> _GIVEN ENTRIES_
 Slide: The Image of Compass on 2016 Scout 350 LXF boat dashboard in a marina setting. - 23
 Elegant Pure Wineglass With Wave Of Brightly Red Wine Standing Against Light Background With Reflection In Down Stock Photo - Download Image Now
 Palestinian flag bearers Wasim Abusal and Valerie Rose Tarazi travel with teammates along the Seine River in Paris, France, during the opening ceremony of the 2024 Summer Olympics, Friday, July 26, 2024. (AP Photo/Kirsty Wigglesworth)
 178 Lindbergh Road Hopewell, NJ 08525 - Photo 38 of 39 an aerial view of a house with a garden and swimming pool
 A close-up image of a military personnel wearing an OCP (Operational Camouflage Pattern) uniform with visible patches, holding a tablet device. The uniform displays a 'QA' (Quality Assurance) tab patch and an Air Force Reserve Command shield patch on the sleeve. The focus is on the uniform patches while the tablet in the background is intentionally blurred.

--

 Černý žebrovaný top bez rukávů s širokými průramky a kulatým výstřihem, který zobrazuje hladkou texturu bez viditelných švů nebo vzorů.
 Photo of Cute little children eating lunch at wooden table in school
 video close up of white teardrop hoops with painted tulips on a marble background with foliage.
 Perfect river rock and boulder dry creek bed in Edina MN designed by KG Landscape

--

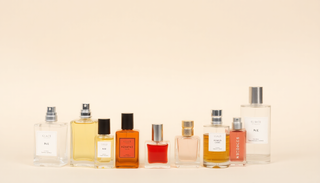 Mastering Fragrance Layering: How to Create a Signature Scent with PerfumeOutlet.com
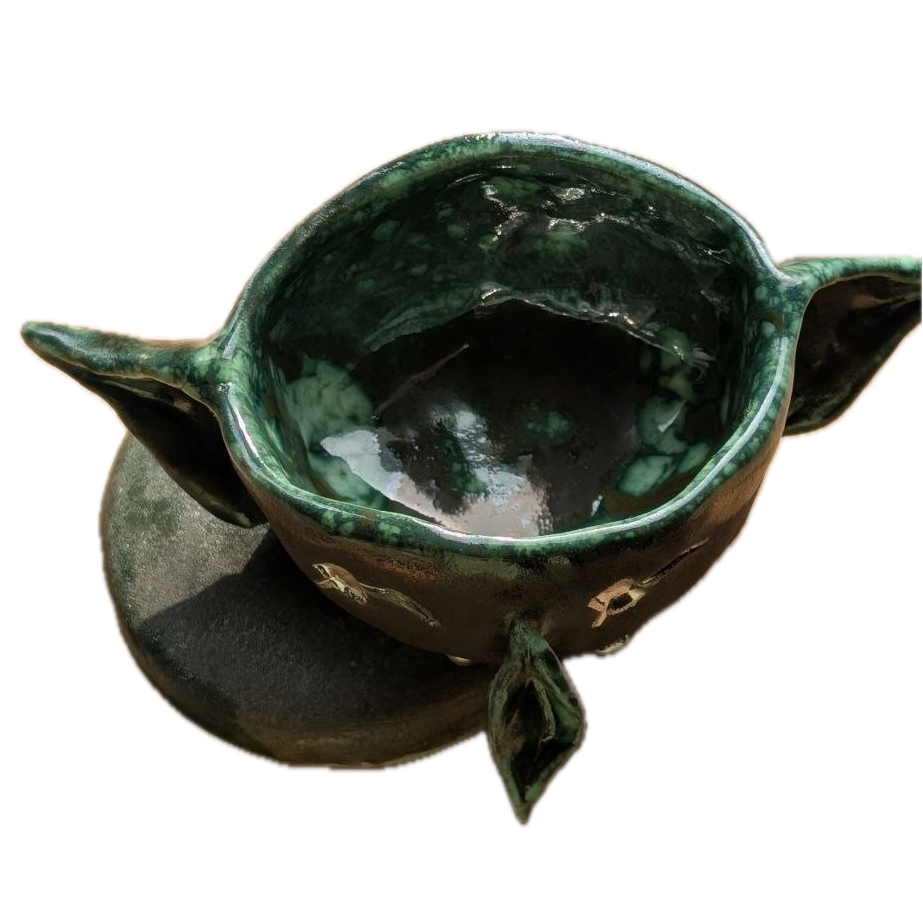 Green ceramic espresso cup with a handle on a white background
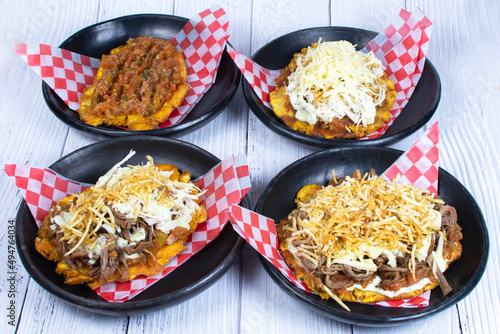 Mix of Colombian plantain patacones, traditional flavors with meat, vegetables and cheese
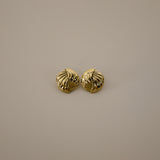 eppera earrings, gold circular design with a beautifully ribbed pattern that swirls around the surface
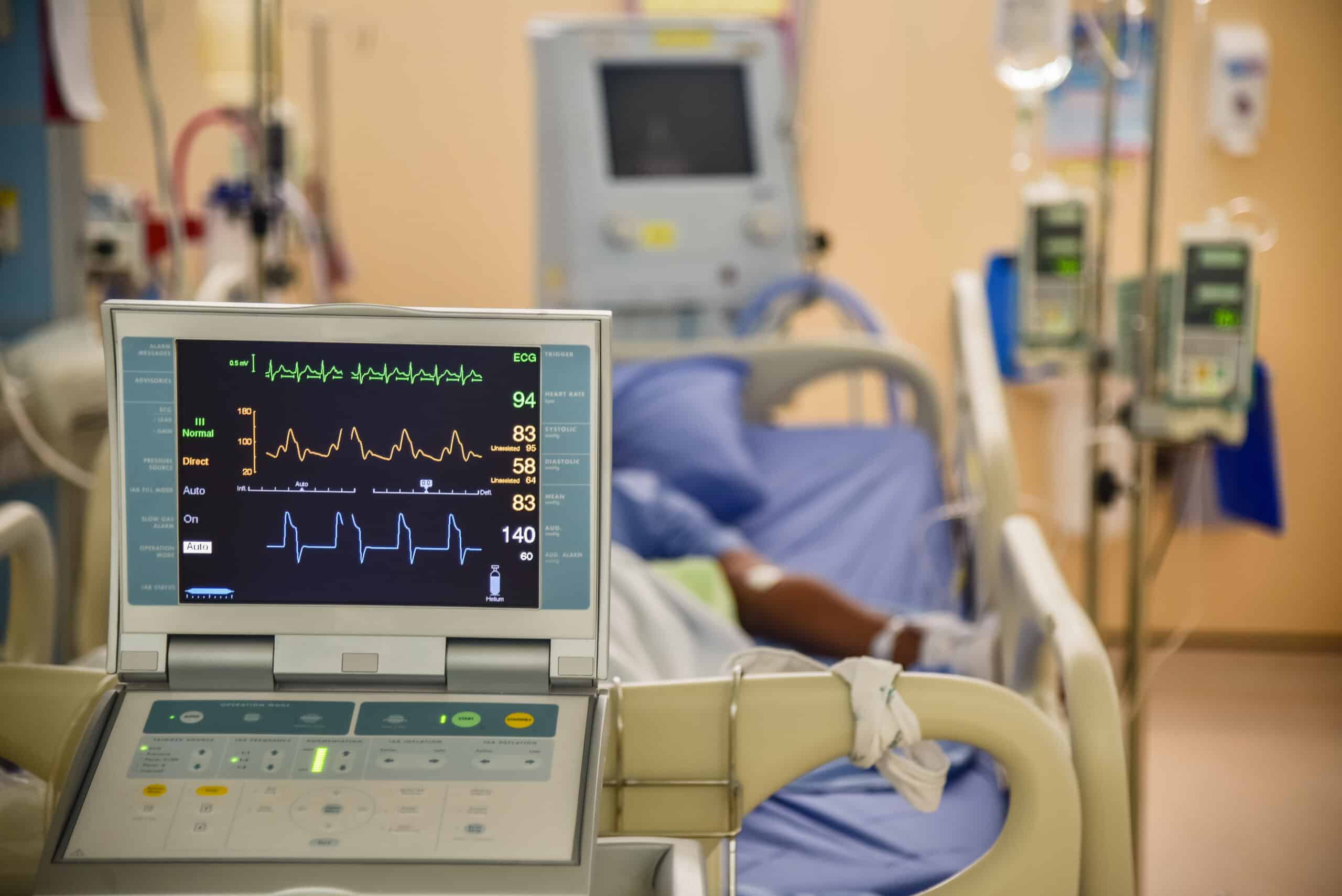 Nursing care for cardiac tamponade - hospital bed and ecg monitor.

> _AIM OF THE TASK_
Read through the entries and copy every line that includes "close".

> _SOLUTION FOR THIS TASK_
 A close-up image of a military personnel wearing an OCP (Operational Camouflage Pattern) uniform with visible patches, holding a tablet device. The uniform displays a 'QA' (Quality Assurance) tab patch and an Air Force Reserve Command shield patch on the sleeve. The focus is on the uniform patches while the tablet in the background is intentionally blurred.
 video close up of white teardrop hoops with painted tulips on a marble background with foliage.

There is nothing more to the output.